Raising and Educating a Deaf Child

International experts answer your questions about the choices, controversies, and decisions faced by the parents and educators of deaf and hard-of-hearing children.

Question from Nana, Kansas City, KS

What is “early intervention” and can it really help a deaf child overcome barriers to learning and if so how much?

Question from Nana, Kansas City, KS. Posted May 12, 2009.
Response from Marc Marschark

Early intervention programs are often assumed to be for deaf children, but they are just as important to the families of young deaf children. For that reason, many of those programs are now referred to as parent-infant programs instead, but they are beneficial for grandparents, too! Such programs focus on language development, communication, social skills, and appropriate support for any residual hearing children might have, as well as testing and evaluation for hearing aids and cochlear implants.

Early interventionists provide parents (and grandparents) with strategies for enhancing their (grand)children’s development, including instruction in sign language, speech training, or both, depending on the particular program. They usually handle youngsters from birth until their entry into preschool.
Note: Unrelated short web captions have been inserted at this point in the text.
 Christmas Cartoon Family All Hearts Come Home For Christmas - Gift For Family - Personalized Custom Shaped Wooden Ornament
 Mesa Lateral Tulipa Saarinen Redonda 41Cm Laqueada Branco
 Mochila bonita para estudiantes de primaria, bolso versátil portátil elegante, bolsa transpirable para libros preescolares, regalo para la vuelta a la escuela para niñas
Like other preschool programs, early intervention programs for deaf children are intended to give them the skills necessary to succeed when they enter formal schooling, usually kindergarten. In the case of deaf children, they sometimes are divided into parent-infant/early intervention and preschool (academic) categories. Such programs are run by public school systems, state health and human services departments, schools for the deaf, and some private organizations. Many school systems also offer the opportunity of home-based early intervention and preschool education in which itinerant teachers work with parents, children, siblings, and other family members.

In general, deaf children who receive early intervention services have better academic, language, and social outcomes, at least early on. Long-term implications of early intervention (say in high school and beyond) to not appear to of been studied, but one would expect that advantages during the early school years would benefit the later school years.